Based on rigorously historical facts and characters, this absorbing novel reconstructs the daily lives, dreams and beliefs of a handful of heretics at the dawn of the XNUMXth century. Treasures and flocks, Moors and fortune-tellers, rituals and inquisitors, Jews and Templars, stonemasons and brothels intersect in the landscapes of a true story. The spiritual and the carnal come together in a plot of seven hundred years ago in which love will have the last word… From Occitania to Morella: the real story of the last heretics of Catharism. An impressive tribute to those men and women whose dogma clashed with the Catholic Church until its extinction in the XNUMXth century.

The Imperfect Cathar

Captain Groc's daughter

The nineteenth century in Spain was reproduced, seen under a free interpretation, as a succession of Carlist wars that, over the years, and because of the fascination of the loser who does not write history, there are those who have taken care of transfiguring it everything.

Because the losing Carlists defended the traditional, the monarchical, the continuity. And yet, as they lost, they are taken as representatives of the fight against the established, fascinating the capacity for human selection ... But focusing on the plot of this novel, we are getting to know a special Catalan lineage of those years, the Groc, known thus for the hair, particularly between blond and red, of the emblematic TomĂ s Penarrocha ...

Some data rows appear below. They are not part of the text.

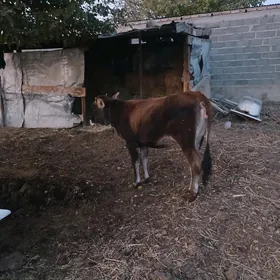 tüwe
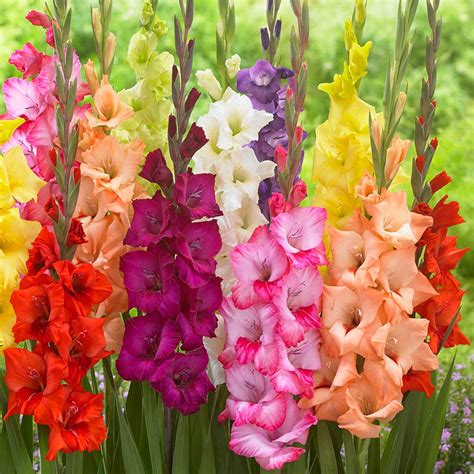 Gladioli Large Flowering Mixed (10/12cm) | J Parker Dutch Bulbs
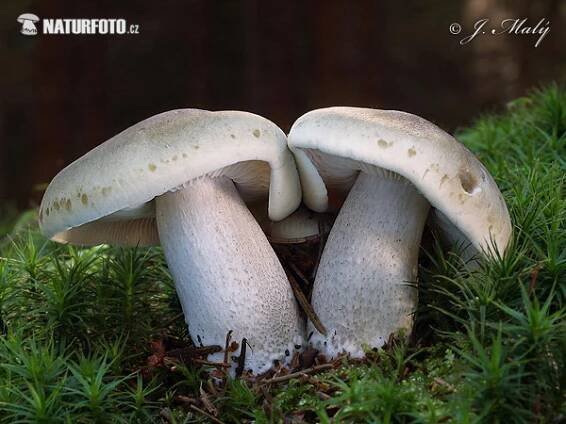 čirůvka mýdlová | Naturfoto.cz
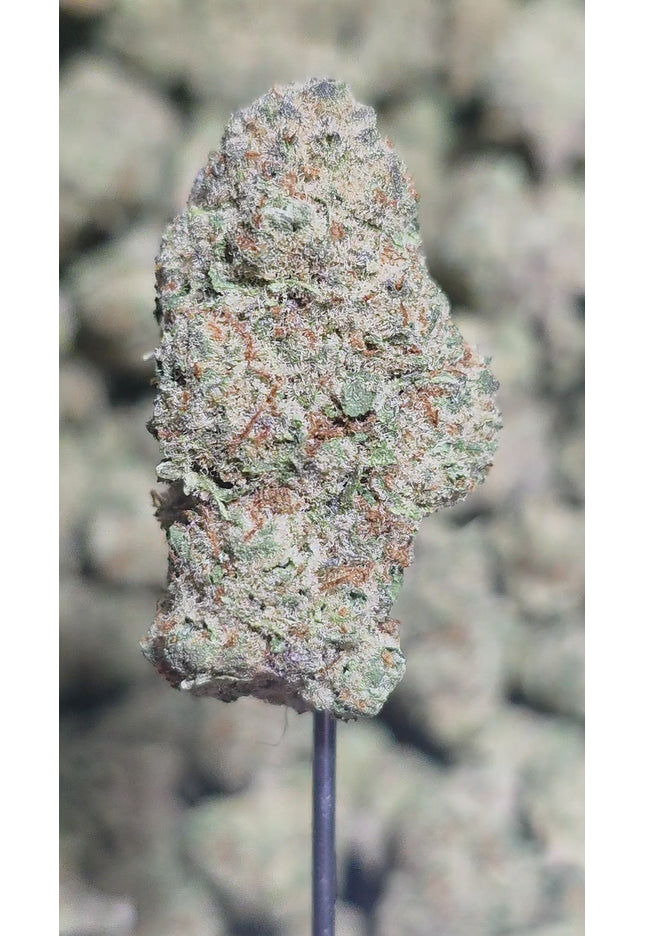 Blue Dream Medium 32% Thca Bulk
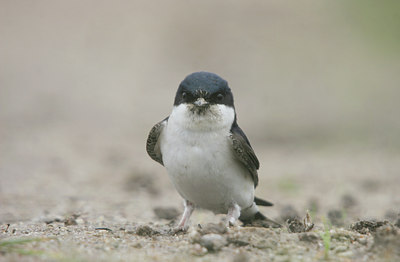 BUITEN BEELD Foto: 3533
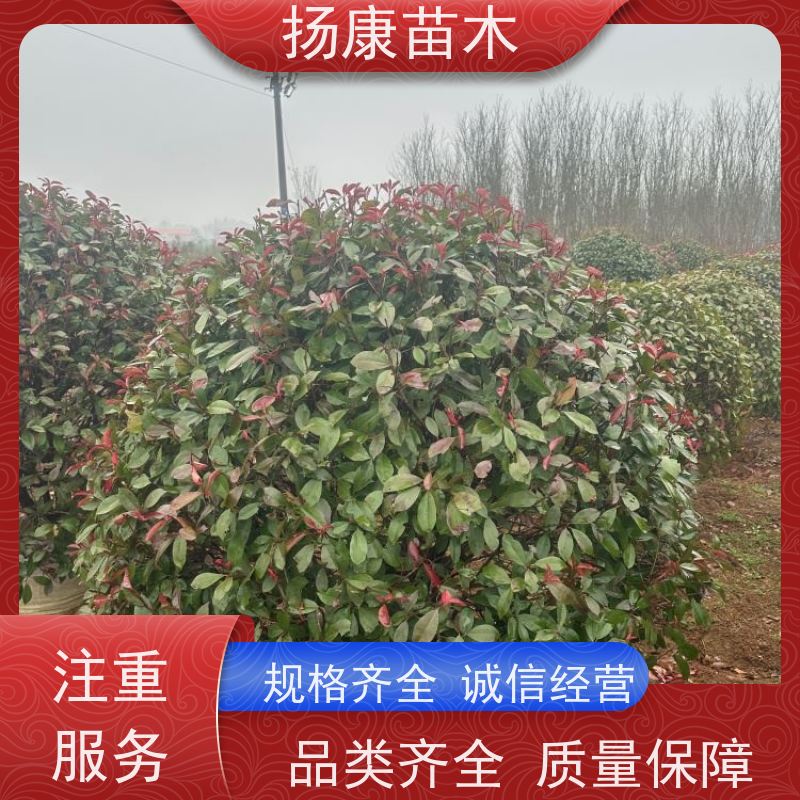 杨康苗木 城市园林绿化 耐盐碱性和耐干旱 2.5米红叶石楠球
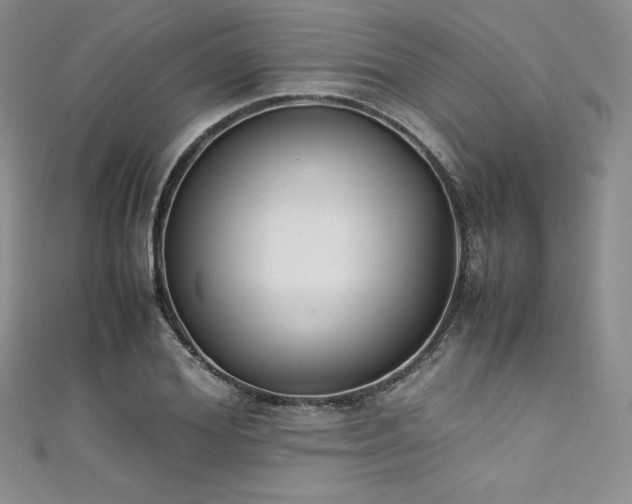 X0000111530980200907141525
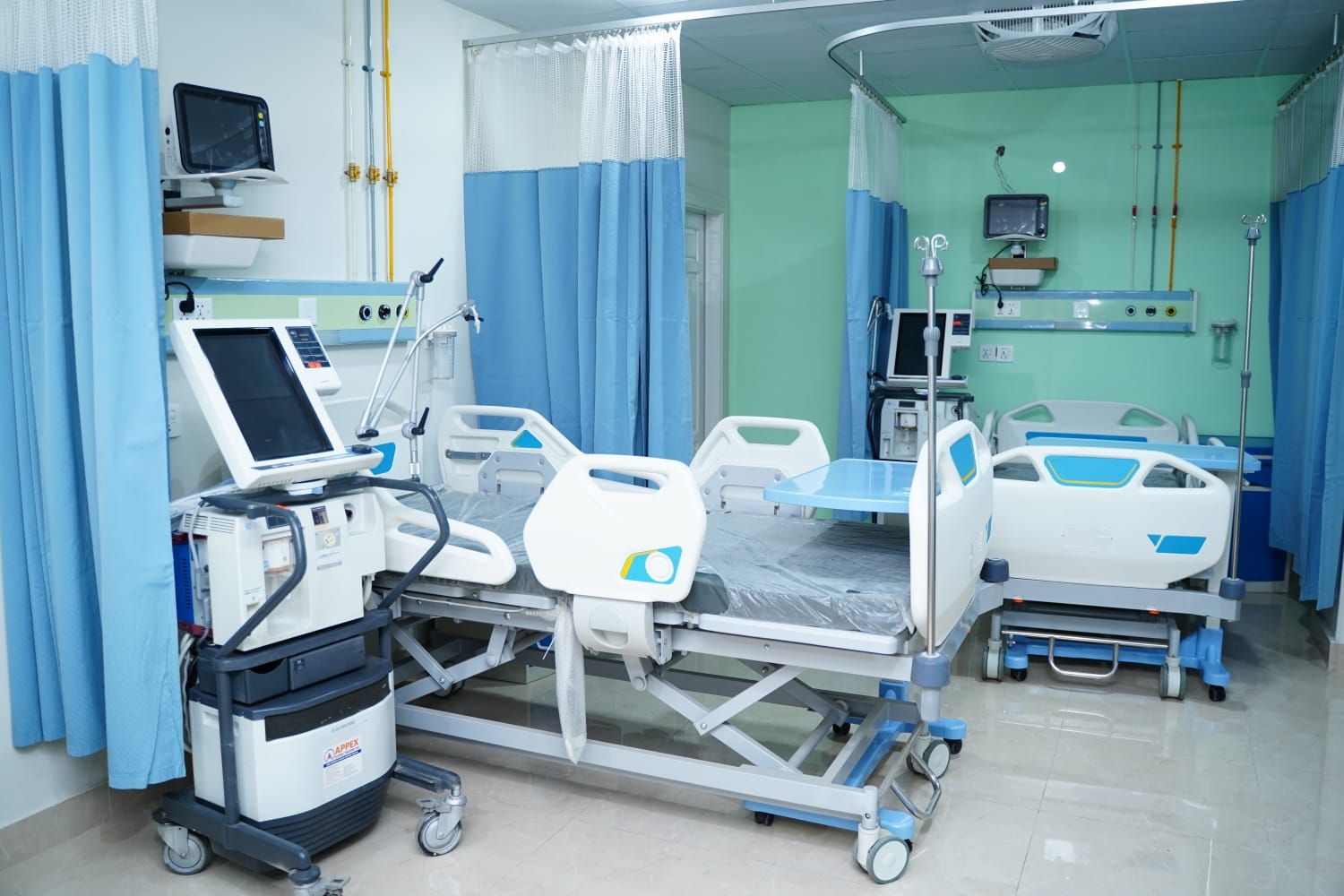 WhatsApp Image 2024-10-03 at 9.23.37 AM (1)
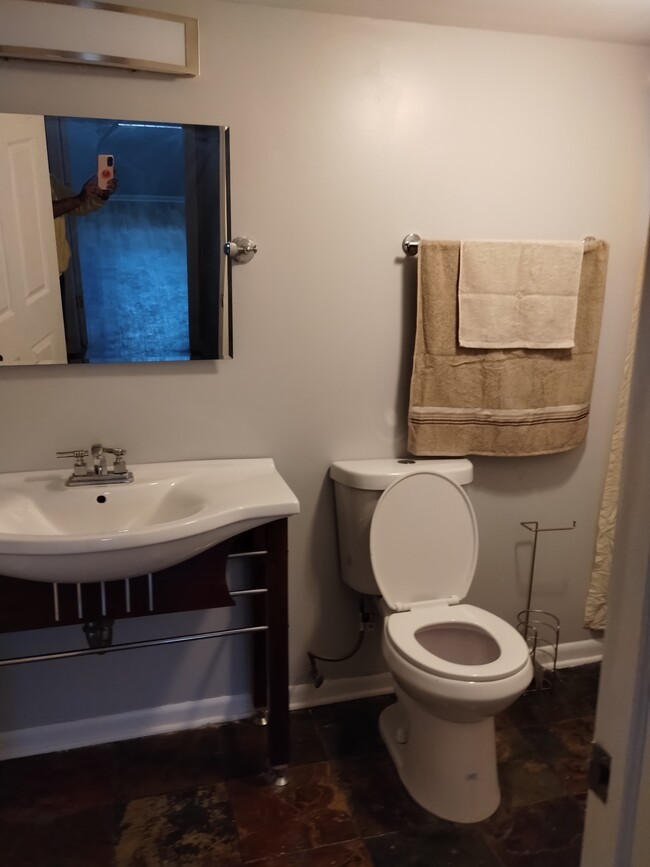 Lower level Full Bath - 4233 S Prairie Ave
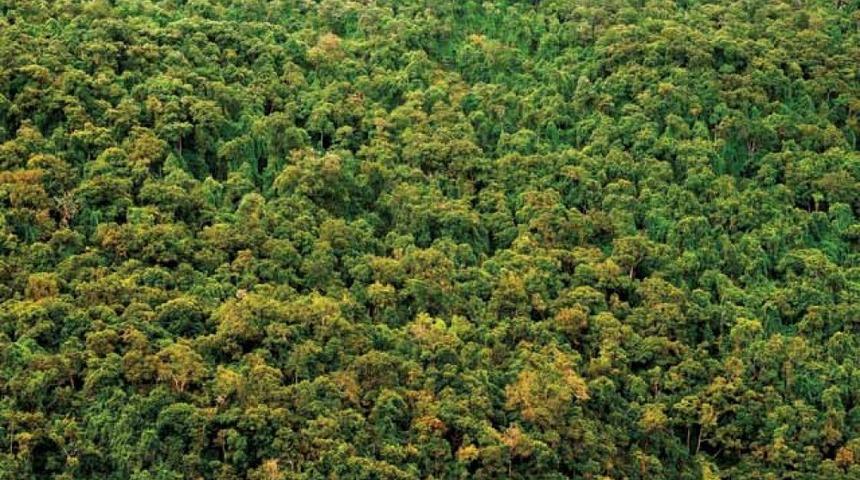 Sevindiren gelişme! Son 20 yılda Fransa kadar büyüdü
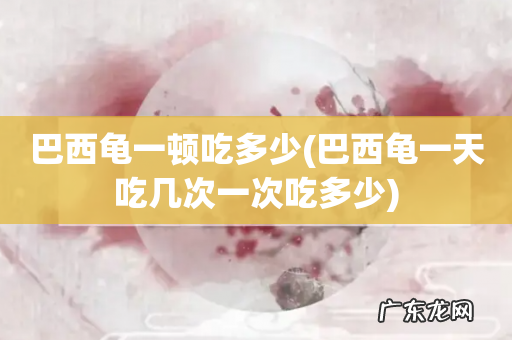 巴西龟一天吃几次一次吃多少 巴西龟一顿吃多少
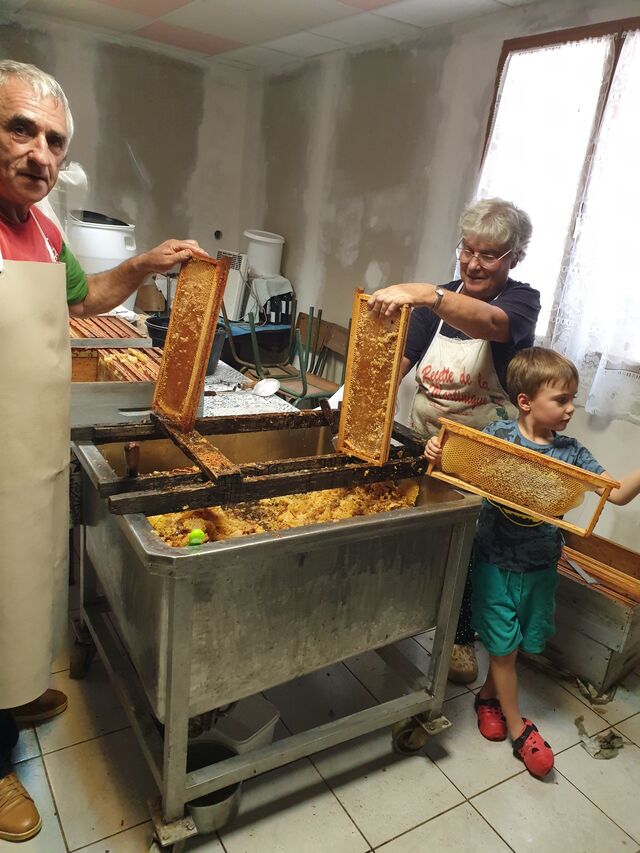 Récolte de Miel N°2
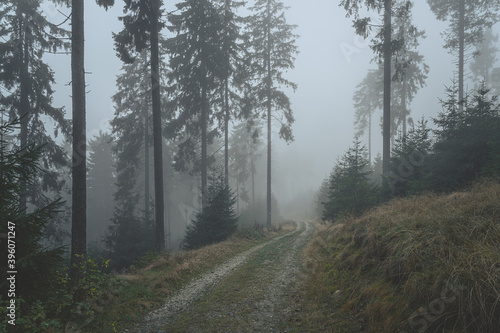dark  moody forest in fog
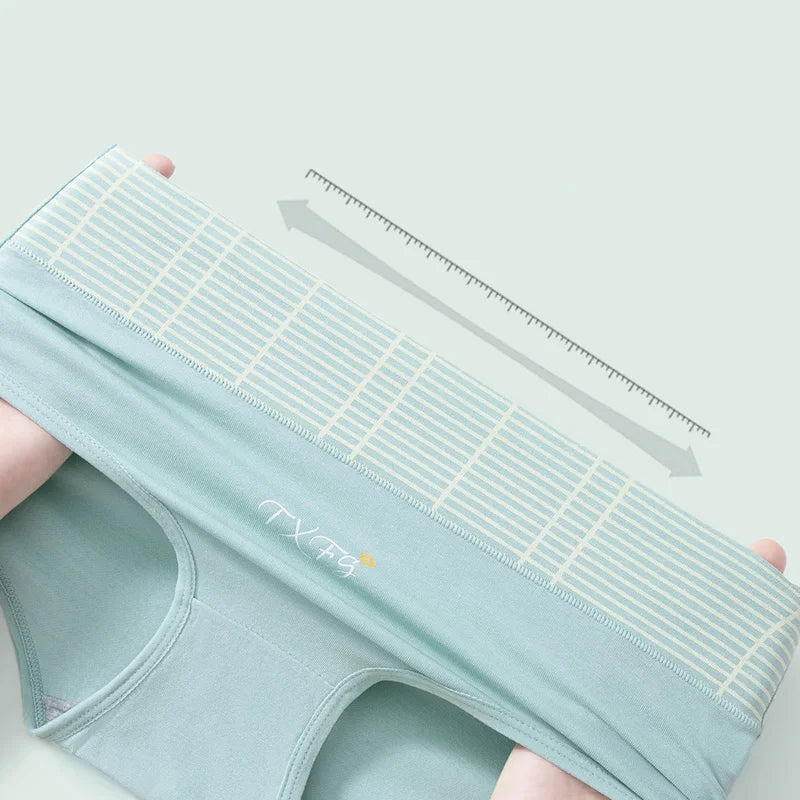 INTIMO SECRETS 4PCS High Waist Cotton Panties – Plus Size Women’s Lingerie
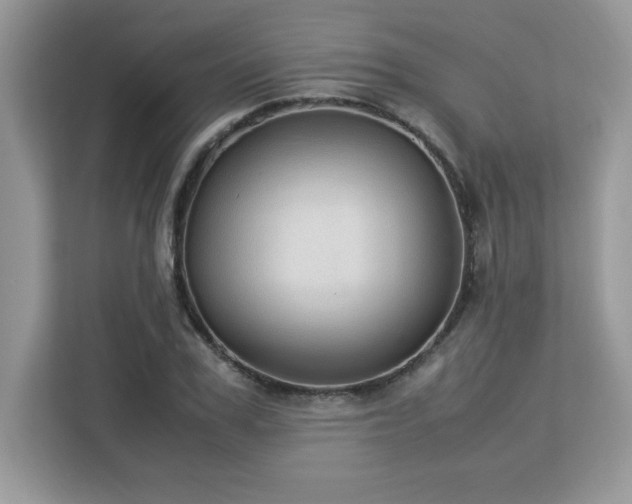 X0000113110979200908281405
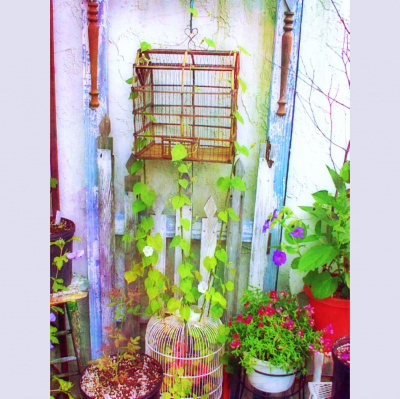 Wabi Sabi Womans Posts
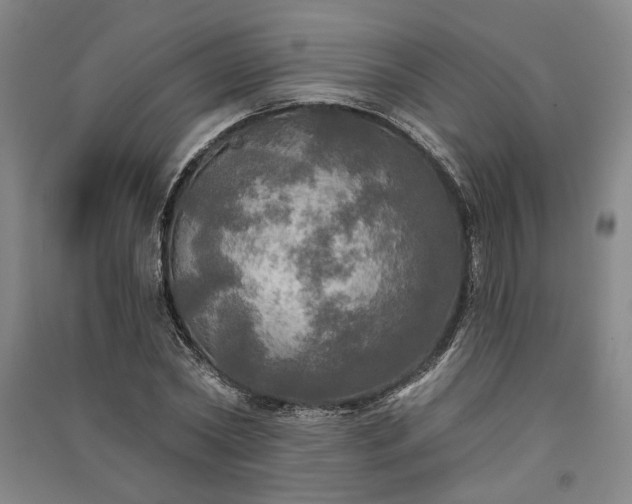 X0000091350782200708171430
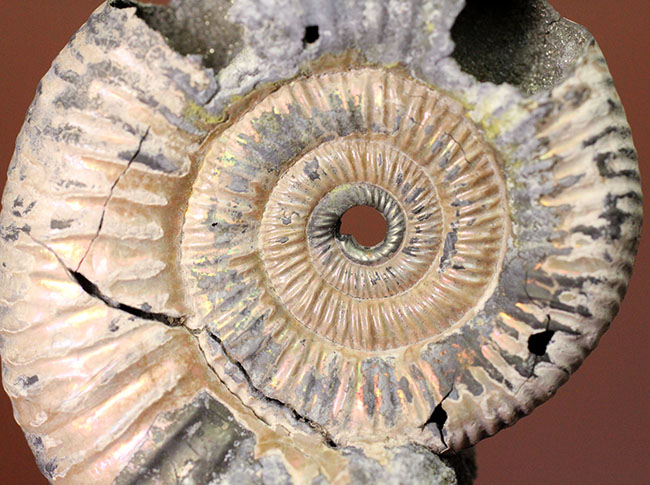 サービスプライス！アラゴナイト層が保存されたロシア産遊色アンモナイト（Ammonite）（その6）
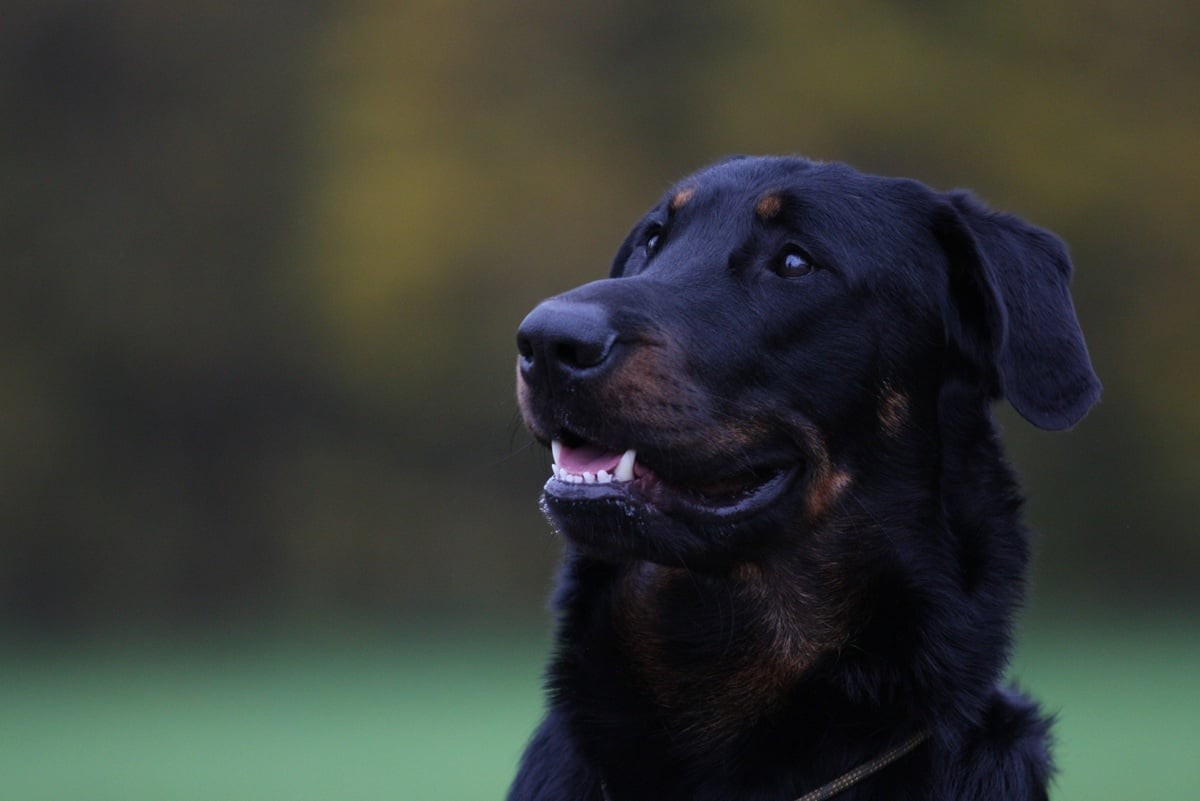 Xaden L'ami De La Campagne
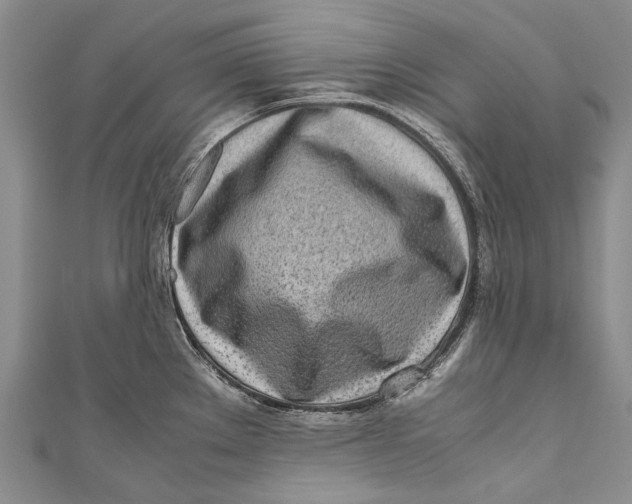 X0000110951289200907101259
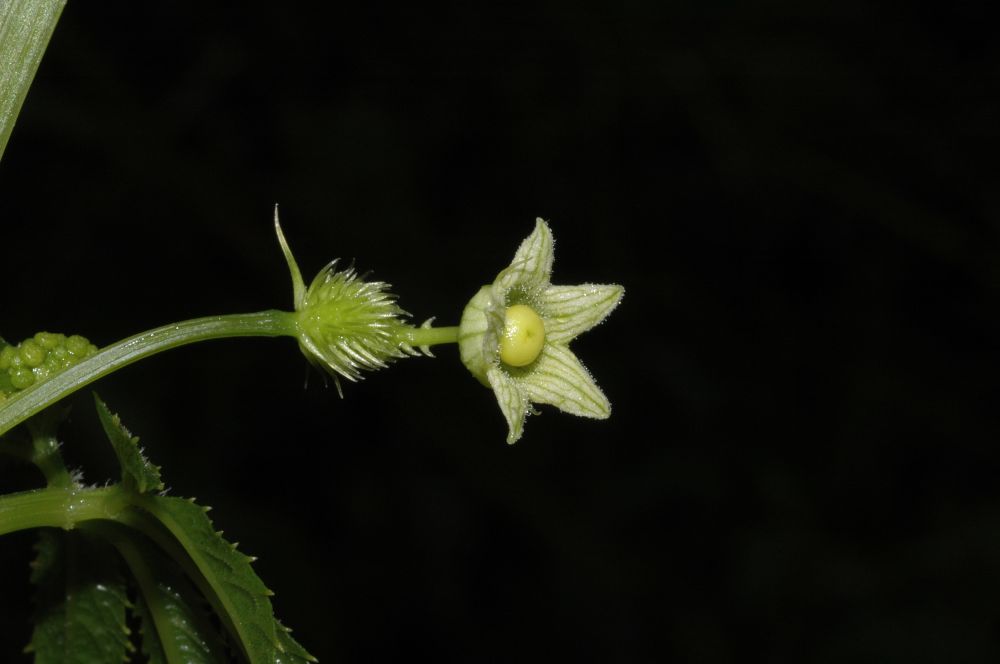 Cucurbitaceae Cyclanthera cf. tenuisepala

Manuela Penarrocha is thirteen years old. Sitting in a low enea chair in the doorway of her house, she sews espadrilles like no one else. The girl with gray eyes and golden hair remembers her father. He, like the rest of the Carlists, a man with an espadrille, a club, a blunderbuss and a knife in the folds of his girdle, has worn one like these to make war. He wants to hug him, feel the warmth of his kiss on his forehead. He longs for his hard look and at the same time full of tenderness, his deep laugh. He only hopes that he returns to see him fight again for his ideals, to give back to his family and the people the lost dignity, life or death. Because of the color of his hair, his father, TomĂ s Penarrocha Penarrocha, is known to everyone in Forcall as el Groc.